ONT also released a new generation of open-source basecalling software, Dorado (https://nanoporetech.com/platform/accuracy), which employs improved deep-learning basecalling models that enhance accuracy and speed. Since its release in 2023, Dorado has undergone rapid development, transitioning from version 0.x to 1.x. The 1.1 and 1.2 updates in 2024 introduced optimized High Accuracy (HAC) and Super Accurate (SUP) models, while the 1.3 series in 2025 added support for 2’-O-methylation (Nm). The latest model (1.4.0) optimized for RNA004 signal profiles, achieved substantial improvements in read accuracy. For example, SQK-RNA004 data base-called with Dorado (v0.8.0) achieved a median alignment identity of 98.67% (reads ≥ 200 aligned bases) whereas SQK-RNA002 reads base-called with Guppy (v6.3.8) reached 90.65%, highlighting the higher single-read accuracy obtained when using SQK-RNA004 together with Dorado [53]. Deep learning models of Dorado also support de novo detection of multiple RNA modifications, such as m6A, m5C, inosine, Ψ, and Nm, within a single DRS run.
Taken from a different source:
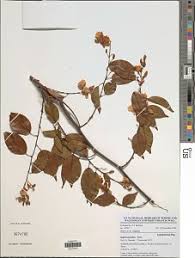 Image result for Sarcophrynium schweinfurthianum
In validation experiments with SQK-RNA004 data, Dorado’s Ψ and m6A models achieved high performance, with accuracies and F1-scores generally in the mid-90% range or higher [53], [61]. Collectively, these advances mark the transition of nanopore DRS into a relatively high-accuracy era, enabling more reliable characterization of transcript sequences and epitranscriptomic features [62]. From proof-of-concept to the implementation of SQK-RNA001 and SQK-RNA002, and now to the maturation of SQK-RNA004 combined with Dorado, each technological iteration represents a step toward higher accuracy and broader application of DRS [53]. These advances provide valuable tools for comprehensive analysis of transcriptional regulation. With continued optimization of algorithms and sequencing chemistries, DRS is expected to play an increasingly important role in transcriptome research, RNA modification mapping, and RNA-based therapeutic development [53], [63].